Graphic Organizer for Sentence Structure

Graphic Organizer for Sentence Structure

One of the best ways to work on sentence formulation with your students is with graphic organizers. When you have a sentence structure graphic organizer that is easy to adapt across a lot of different activities, it makes language therapy planning easier! Today, I will share a free graphic organizer for sentence structure that you can use with any activity.

Why Use Graphic Organizers for Sentence Structure

For many of our students with language impairments, learning syntax and parts of speech can be overwhelming. Frequently our students are visual learners, and when they see words organized, it helps reduce their cognitive load so they can take in new information.

The free sentence structure graphic organizer has color-coding for the parts of speech which helps your students understand and remember how to build a sentence.

A parts-of-speech graphic organizer can visually break down how to build a sentence and provides a hands-on approach to learning sentence formulation.

How to Use the Sentence Structure Graphic Organizer

If you have syntax or morphology goals on your caseload, this free sentence-frame graphic organizer can help you cover many speech therapy goals.

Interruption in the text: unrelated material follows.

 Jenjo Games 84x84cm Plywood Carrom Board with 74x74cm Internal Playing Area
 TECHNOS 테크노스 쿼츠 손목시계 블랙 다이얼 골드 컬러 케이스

In a group or individual session, you can use ANY photos related to your theme, wordless short videos, pictures, or images from your story books.

To start with the graphic organizer, you can show the student the video or image. Explain any unknown vocabulary or discuss concepts that will help build their knowledge of the item.

Then, you can brainstorm vocabulary words that describe the video, photo, or picture by the part of speech.

I will often write the words and allow the students to focus on verbally sharing their vocabulary words. Many of our students need help with spelling, and this graphic organizer is for you to work on creating sentences rather than how well you can spell a word.

After you brainstorm all the parts of speech on the graphic organizer, students can create sentences using the frames. Having the list in front of them helps your students to develop a novel sentence with less scaffolding from you!

And you can incorporate discussing morphology for verb tenses while using this graphic organizer.

Tips for Using in Mixed Groups

We all have had mixed groups where every student in the group has different goals. That can be so stressful for planning therapy, right?

You can use this graphic organizer for sentence structure activities and other speech and language goals.

For example, if you have a student working on R, give them some R challenge words when describing the photo that has R. Or, you can have the student circle all the generated words that have their /r/ sound.

Furthermore, you can have students working on speech fluency create sentences using their fluency strategies.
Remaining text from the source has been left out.